バルドゥス卿もまた、幻影に苦しんだ。彼の耳には、自分の過去の小さな嘘や、手柄を横取りした時の罪悪感が、森全体からの裁きの囁きとして響いていた。


「黙れ! これは偽りだ! 聖騎士は、神の光に守られている!」


バルドゥス卿は聖印を掲げたが、その光は森の濃密な魔力の前では、懐中電灯ほどの力も発揮しなかった。

彼らは、武力で敵を破壊することしか知らない。


しかし、この森は、武力では攻撃できない自然の理と精神の揺らぎという、ノクティス・ベイルの戦術に似た知恵で彼らを翻弄していた。




結局、騎士団は古城に到達できないまま、食料と魔力を浪費し尽くし、精神的に追い詰められた。一滴の血も流さずに、彼らは撤退を余儀なくされた。

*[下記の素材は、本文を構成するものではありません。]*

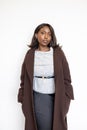 Black Woman in Stylish Brown Coat and Gray Sweater Against White Background Royalty Free Stock Photo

「撤退だ! 撤退する! この森は……呪われている!」


バルドゥス卿は、誇りを完全に打ち砕かれ、這うようにして深淵の静寂を後にした。


先にはいつまで経っても進めなかった森を出るのは一瞬だった。彼は最初から、森の中の古城へほとんど進めていなかったのだ。



彼らが森から這い出た数時間後、評議会からの報せが届いた。ミゼラの封印は解かれ、悲嘆の魔王は闇の王妃の勢力に加わった、と。



バルドゥス卿は、最後まで何に敗北したのか理解できなかった。




聖典評議会は、ミゼラの力という重要な資源を、無能な傲慢さと森の魔力、自然の秩序の前にあっさりと失ったのだった。